このような地図データの更新方法に関連して、特許文献1には、パーセル単位で独立にリンクIDが設定された地図データにおいて、分割されたパーセル単位で地図データの更新を行う技術が開示されている。
本発明に関連する従来技術を開示する特許文献2も参照されたい。
【先行技術文献】
【特許文献】
【0003】
【特許文献1】国際公開第2008/047448号
【特許文献2】特開2008−164732号公報
【発明の概要】
【発明が解決しようとする課題】
【0004】
上述の地図データによれば、パーセル毎に独立してリンクIDが付与されているため、新規道路が開通された等更新すべきパーセルのみを更新することが可能となり、地図データの更新作業を効率的に行うことができる。その一方、連続する道路であっても複数のパーセルを跨ぐ場合には、パーセル数に応じた複数のリンクIDが付与されることとなるため、リンクIDの数は増加し、データ量も大きくなる。このようにデータ量が増加することにより、ナビゲーション装置における経路探索処理は複雑化し、処理の高負荷が懸念される。
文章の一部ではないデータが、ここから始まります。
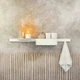 Набор из 2-х одинарных крючков HANSGROHE WallStoris 27929700 прямоугольный пластиковый белый - изображение 4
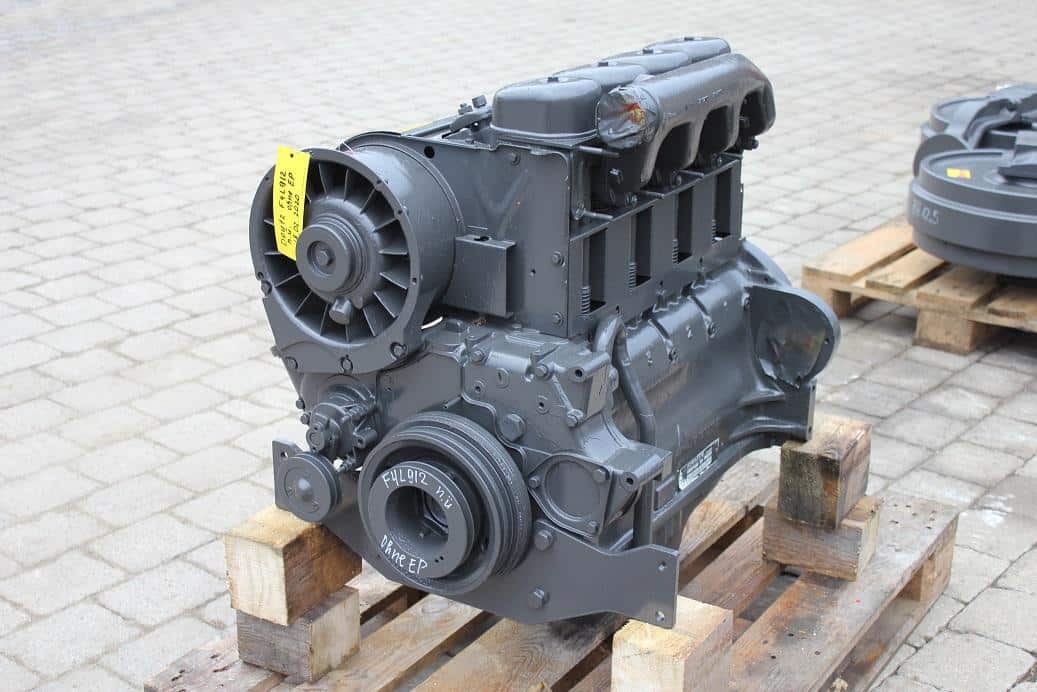 Motor Deutz F4L912 4-Cilindri Diesel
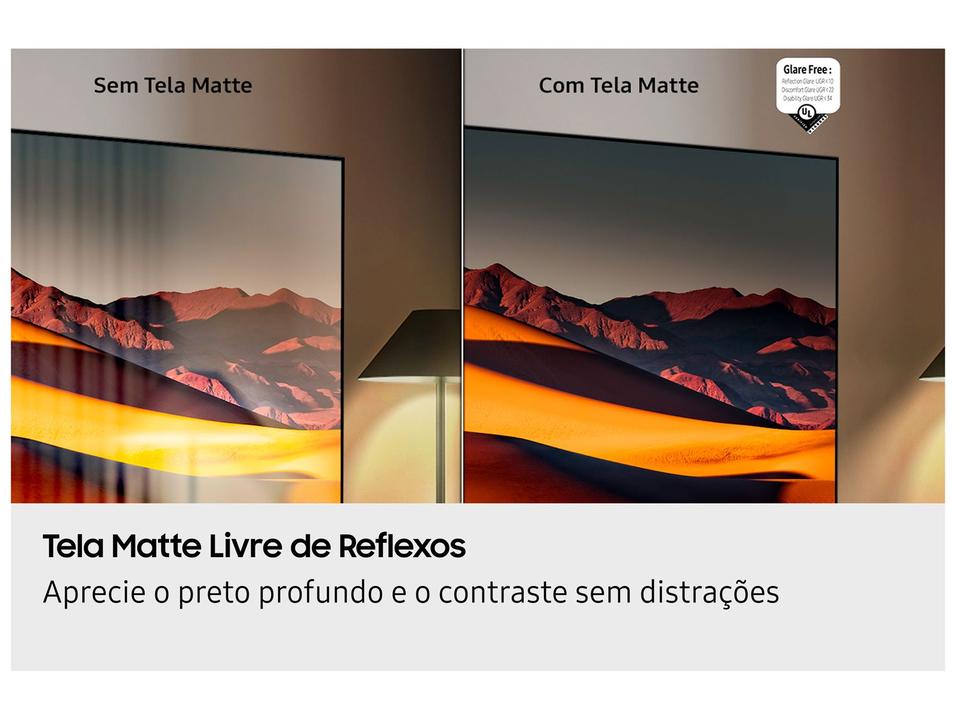 Smart TV 43" Samsung Ultra 4K Neo QLED Ultra QN90F QN43QN90FAGXZD 165Hz Tizen NQ4 AI Gen3 Bixby Alexa 4 HDMI - 3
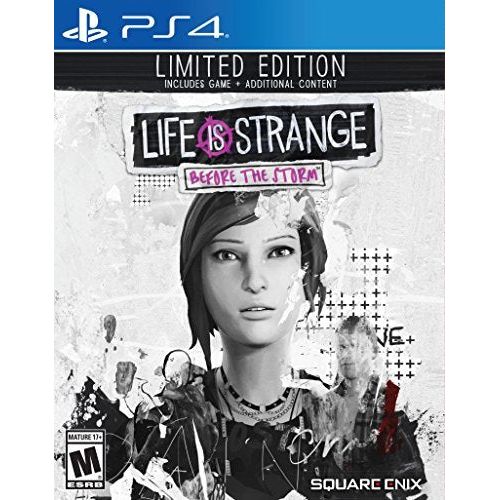 Life Is Strange: Before The Storm Limited Edition (Playstation 4) - Premium Video Games - Just $0! Shop now at Retro Gaming of Denver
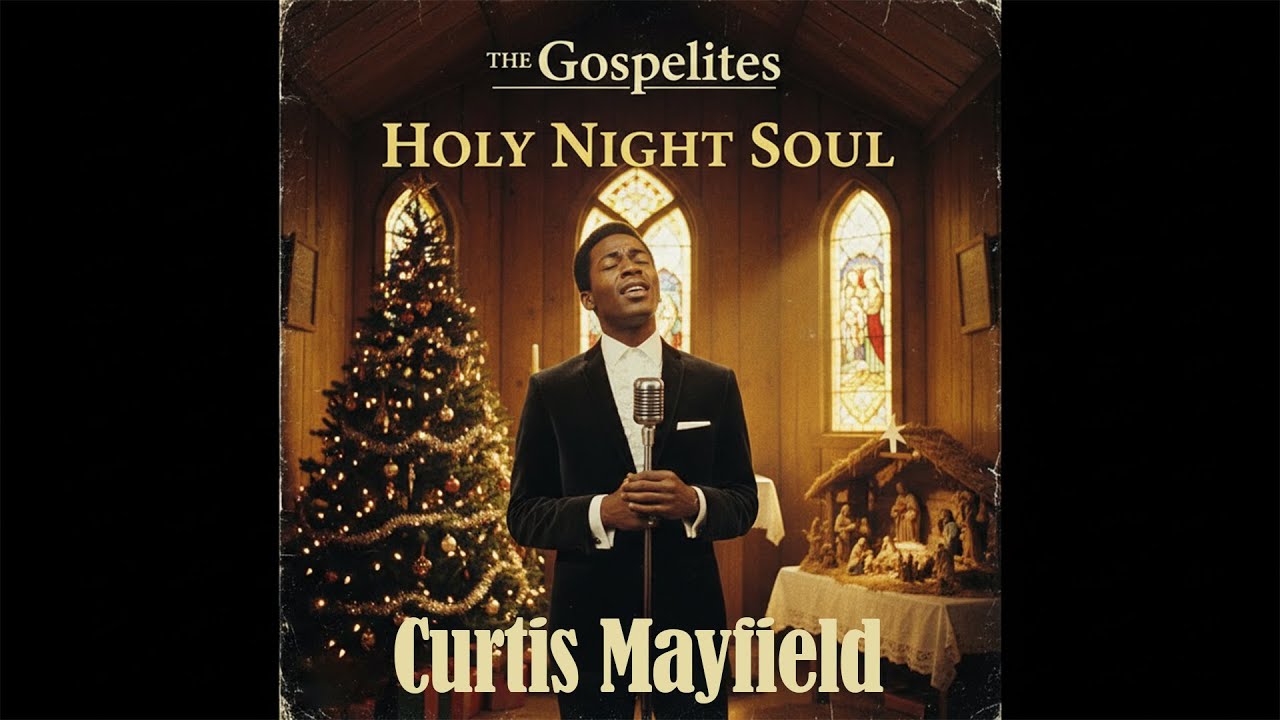 Curtis Mayfield Holy Night Soul | 60s Gospel Christmas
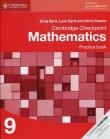 Okładka książki Cambridge Checkpoint Mathematics Practice Book 9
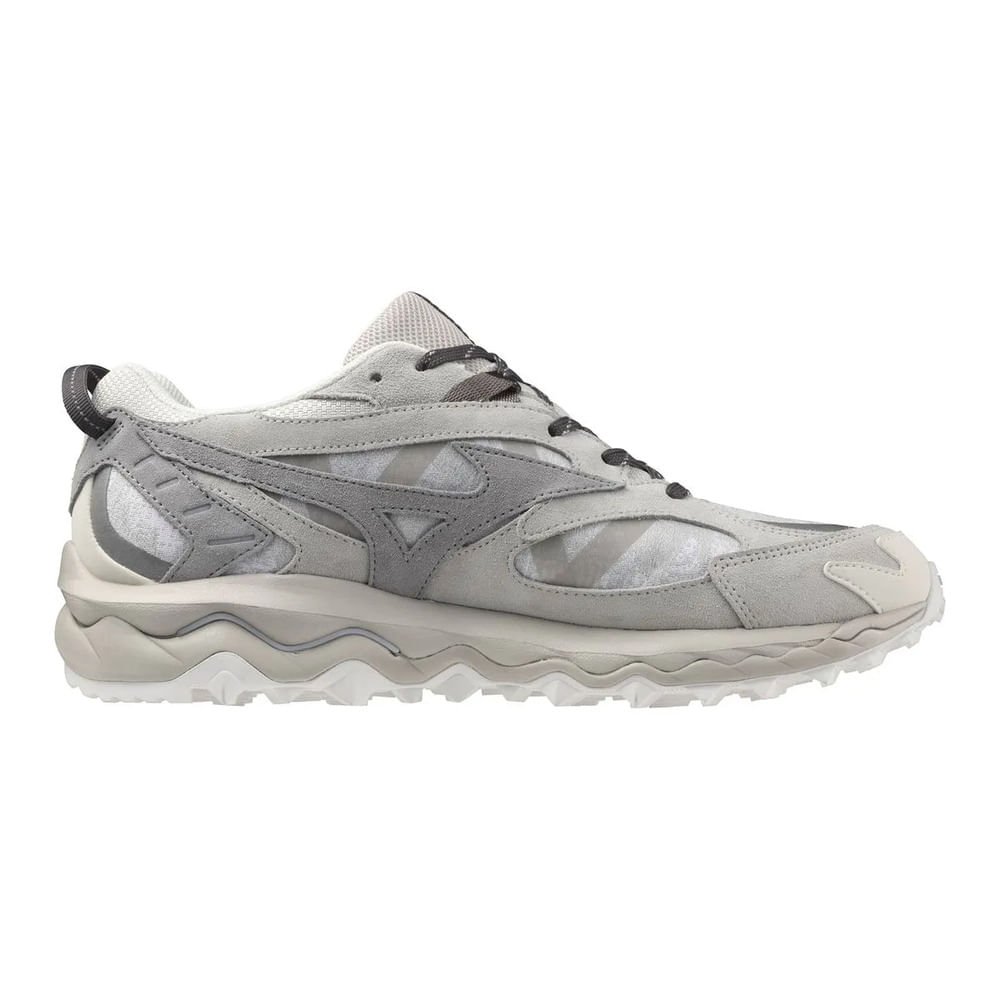 Tênis Mizuno Wave Mujin TL Mimetics Cinza 4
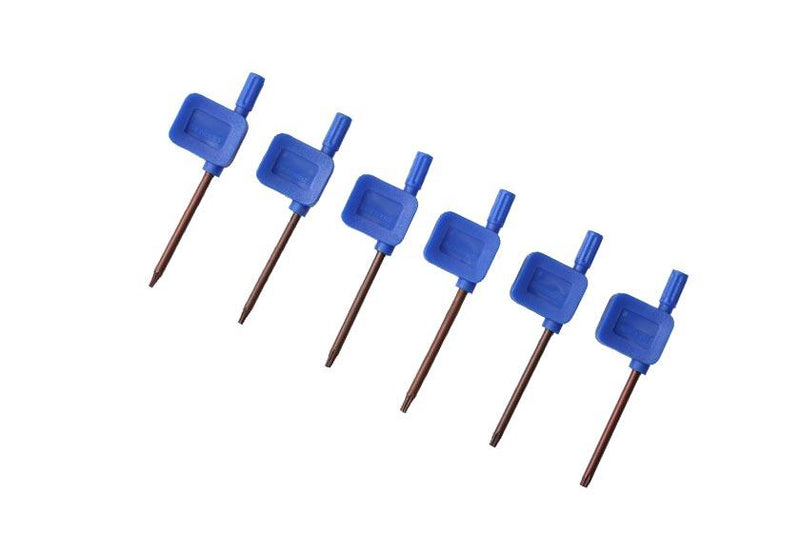 De Neers Flag Allen Key 6mm-15mm (Pack of 25pcs)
一方、地図データの更新に関する他の技術として、更新された大縮尺の地図データに基づいて、該大縮尺の地図データの複数のパーセルを統合して該地図データの縮尺より小縮尺の地図データを作成する技術が知られている。そして、上記のようにパーセル毎に独立してリンクIDが付与されている大縮尺の地図データに基づいて作成された小縮尺の地図データでは、統合されたパーセルの境界に位置する二差路ノードが残存することによるデータ量の増加が顕著になり、処理負荷もより一層深刻な課題となっている。
このように小縮尺の地図データにおけるデータ量の増加を抑制すべく、従来では、同一リンクID内において二差路のノードを削除することにより地図データをデフォルメしている。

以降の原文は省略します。